After June 30, E100 Internet Circuit DDoS protection will start at $105 per month and range up to $225 on a three year contract based on bandwidth. On an E1000 circuit prices range from $185 to $865 per month on a three year contract. 

An Allstream spokesperson said the rates until now had been double that.

DDoS attacks are identified, quarantined and scrubbed before reaching a corporate network, Allstream says. Customers can decide what level of attack is important and then decide what to do either manually or automatically. They also have access to a portal that gives real-time bandwidth usage monitoring and reports.

Strople said the Allstream cloud-based DDoS defence can withstand a large attack.

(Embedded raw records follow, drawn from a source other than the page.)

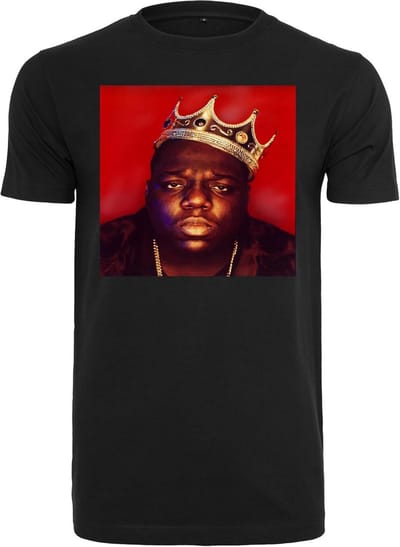 Heren T-Shirt met Iconische Hip Hop Muziek Print en Kroon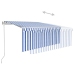 Toldo automático retráctil con persiana azul y blanco 3x2,5m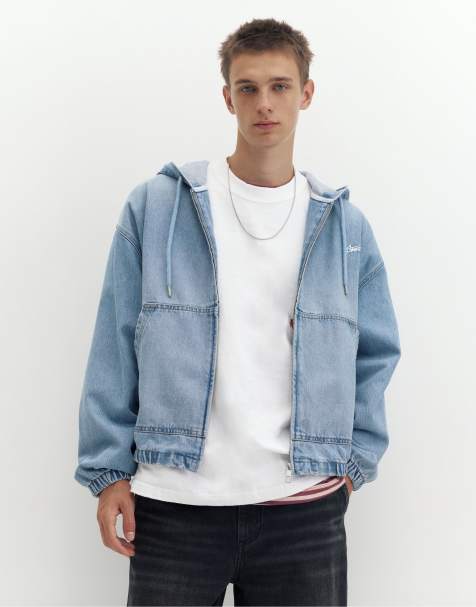 Pull&Bear Stwd huvjacka med dragkedja i mellanblått - view 1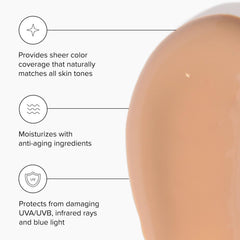 DRMTLGY aplicación de tintada crema ofrece tono natural y cobertura ligera.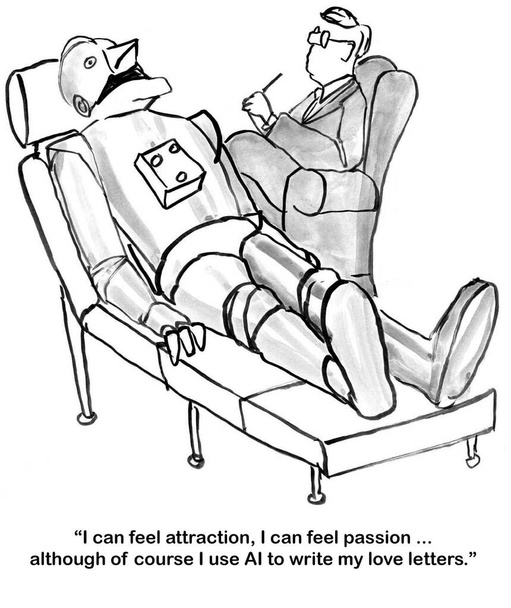 B & W карикатура робота, говорящего своему терапевту, что он использует ИИ для написания любовных писем. - Фото, изображение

Large commercial Internet providers usually offer DDoS protection. For example, BCE Inc.’s Bell Canada has a managed DDoS offering. When an attack is validated as malicious, the carrier updates routers to block the source IP address, the company’s Web site says. For large global attacks, the destination IP address is black-holed in order to maintain access for that circuit.

A Bell spokesman said pricing varies depending on the size of business, configuration of the circuit, other products or services the customer may have.

DDoS protection is good to have, says an industry analyst, but there are many other aspects to IP security.

“At the end of the day your security is only as good as your weakest link,” said Lawrence Surtees, IDC Canada’s research vice-president for telecommunications.

“There are certain things inside the firewall that have to be up to the business to make sure that’s there’s no Achilles tendon.”

Allstream’s DDoS price reduction is the first step is in what it hopes will be a larger offering. Strople said it is working its DDoS technology partner, Arbor Networks, and other carriers to create a more automated denial-of-service defense system. The existing cloud-based system would send early warnings to organizations with an on-premise Arbor appliance, which would trigger automated responses.

The expectation is the solution will be offered this year.